Black Student Alliance President shares personal struggle, inspiration

After the deaths of Alston Sterling and Philando Castille, junior Genevia Kanu felt a responsibility to step up as president of the Black Student Alliance.

Black Student Alliance President Genevia Kanu recounts the events that led to her current position. Kanu speaks about two cases of police-involved shootings with African Americans, which occurred over the summer and personally affected her.

 

“The Alston Sterling case for me was triggering because all these cases to a certain extent were triggering, but then two days later, Philando Castille was shot and it was too much. There’s no other way to describe it.

 

“And for most people, it’s like, ‘Why does it matter? You don’t know them.’ But it could have been me. It could have been my uncle; it could have been my brother; it could have been my best friend.

 

“And I just couldn’t believe that this was the country I lived in. This is 2016. And I still have to walk around in fear of my life.

 

“I remember walking to the office and one of the women in the office was talking about just random small talk, and I got pissed.

 

“Pissed is an understatement. I was so overwhelmed with emotion. Why was this important but the death of two unarmed men was not? Why was that not as important, why was that not a discussion?

 

“But a lot of people just carried on with their day and I was like, ‘What the hell? Why am I walking around, why am I concerned, why am I upset that two people have just died? Fathers, brothers, people have been killed and no one else is concerned, no one else is in mourning, no one else seems to be hurting or carrying this amount of pain that I am.’

 

“When I went to my room. I started crying and I said, ‘BSA has to exist. I don’t care what I’m doing, I don’t care if I’m the president, if I’m the secretary, if I’m the janitor.
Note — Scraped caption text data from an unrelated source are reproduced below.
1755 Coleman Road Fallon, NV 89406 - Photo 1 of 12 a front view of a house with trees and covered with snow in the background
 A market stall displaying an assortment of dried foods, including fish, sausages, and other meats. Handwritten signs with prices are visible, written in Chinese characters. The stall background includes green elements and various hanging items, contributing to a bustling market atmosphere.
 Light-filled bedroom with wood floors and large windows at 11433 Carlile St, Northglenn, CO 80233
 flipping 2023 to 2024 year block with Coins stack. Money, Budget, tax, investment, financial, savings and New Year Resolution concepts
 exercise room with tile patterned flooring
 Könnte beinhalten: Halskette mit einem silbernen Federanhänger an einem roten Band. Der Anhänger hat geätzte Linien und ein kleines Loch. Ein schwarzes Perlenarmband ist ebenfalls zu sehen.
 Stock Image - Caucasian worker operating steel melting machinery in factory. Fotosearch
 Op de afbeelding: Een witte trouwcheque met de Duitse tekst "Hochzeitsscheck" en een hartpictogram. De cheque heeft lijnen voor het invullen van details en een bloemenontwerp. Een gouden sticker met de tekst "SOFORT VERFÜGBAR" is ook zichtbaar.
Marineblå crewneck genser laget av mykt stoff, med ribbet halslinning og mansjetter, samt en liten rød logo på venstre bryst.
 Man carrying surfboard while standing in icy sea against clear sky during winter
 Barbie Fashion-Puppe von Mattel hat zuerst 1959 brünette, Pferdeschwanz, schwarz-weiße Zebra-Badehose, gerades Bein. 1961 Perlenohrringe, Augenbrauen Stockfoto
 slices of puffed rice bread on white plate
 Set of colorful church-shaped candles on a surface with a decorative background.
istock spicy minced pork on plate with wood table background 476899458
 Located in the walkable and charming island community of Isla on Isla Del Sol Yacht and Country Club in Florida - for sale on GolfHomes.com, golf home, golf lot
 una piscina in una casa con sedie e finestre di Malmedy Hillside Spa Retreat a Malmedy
Whatever BSA needs, this has to happen, this has to be here this year because black students need a voice on this campus.’

 

“We need a space to congregate and to mourn together and to discuss those things and ask each other, ‘Are you okay?’ We need that because if no one else is going to care, if a teacher is not going to ask me, if no one else is going to bring it up, if they aren’t going to put the flag at half-staff, people are going to know at least in this space that it matters, that you matter, that your life matters.

 

“That is how I stepped into the role; how I decided that I wanted to be an active participant.

 

“I wanted us to be a resource but I wanted us at the very least to be a community and a support system and for them to know, even when you are walking through your day, when you are in a classroom with 25 people and you’re the only black person, when you are walking 15-20 minutes and you do not see another person that looks like you, I wanted them to know that we’re there.

 

“And you aren’t alone because I think sometimes on this campus, it can feel like you’re by yourself. So I wanted them to know that they had a community. I want BSA to be a place for students to come and feel like it’s a place to cry and be yourself, to learn to grow, to challenge each other.

 

“It’s one of those weird movie moments where it’s like, ‘This is my purpose.’”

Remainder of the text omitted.